Curried Chicken Salad
This curried chicken salad is savory, sweet, and a little spicy, with lots of crunch from grapes, cashews, and celery.
- ½ cup mayonnaise I use Hellmann’s
- ½ cup plain Greek yogurt
- 1 tablespoon curry powder
- 1½ tablespoons honey
- juice of 1 fresh lime
- ¾ teaspoon kosher salt
- 4½ cups cooked shredded chicken I usually use rotisserie chicken
- 3 large ribs celery diced
- 1 cup seedless grapes halved
- 3 scallions light and dark green parts, finely sliced
- Pinch cayenne pepper optional, for heat
- ⅔ cup salted cashews optional
Make the Dressing
- Make the dressing: In a large bowl, whisk together the mayonnaise, yogurt, curry powder, honey, lime juice, and salt.

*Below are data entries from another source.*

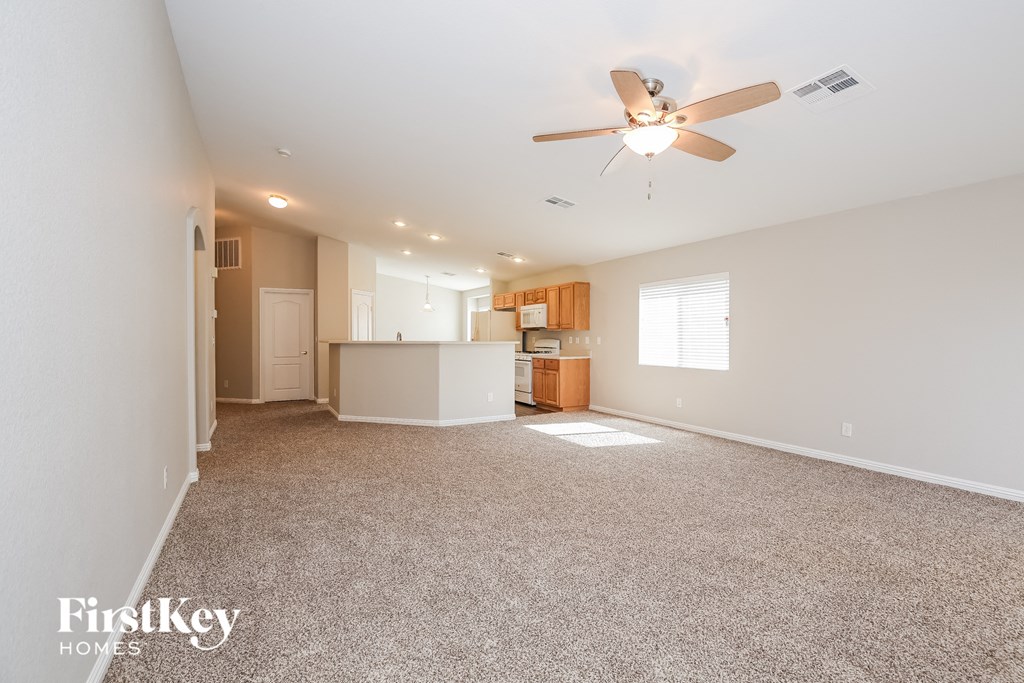 an empty living room with a ceiling fan and a kitchen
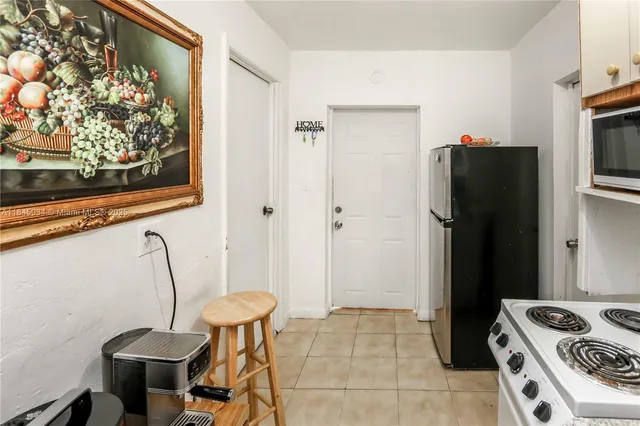 a kitchen with stainless steel appliances granite countertop a refrigerator and a stove
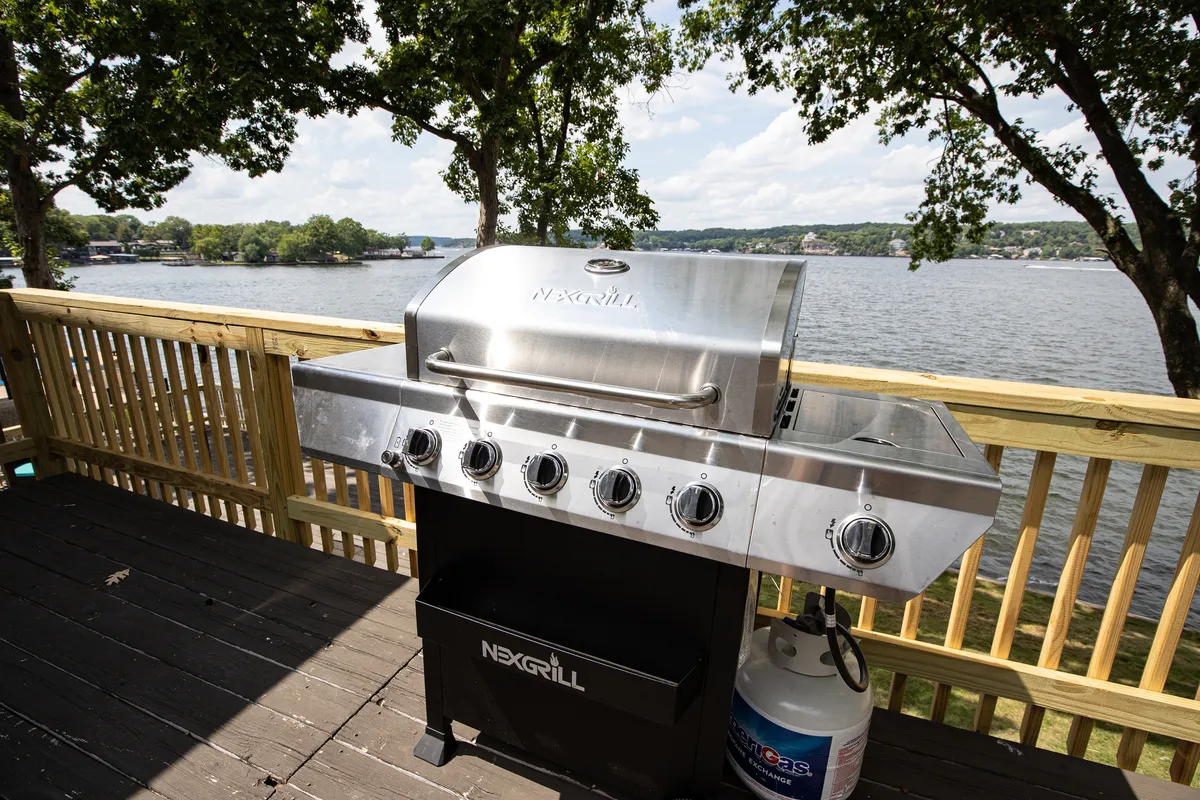 A sunny deck scene with a grill overlooking the water, perfect for barbecuing, socializing, and relaxing as the sun sets over the lake.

- To the dressing, add the chicken, celery, grapes and scallions. Toss well to combine, adjust seasoning as needed, adding the cayenne pepper, if desired. Chill the salad in a covered container until ready to serve. Add cashews, if desired, just before serving.
Make-Ahead Instructions: This salad can be made and stored in the refrigerator for up to 2 days. Wait to add the cashews until right before serving, otherwise they will get soft.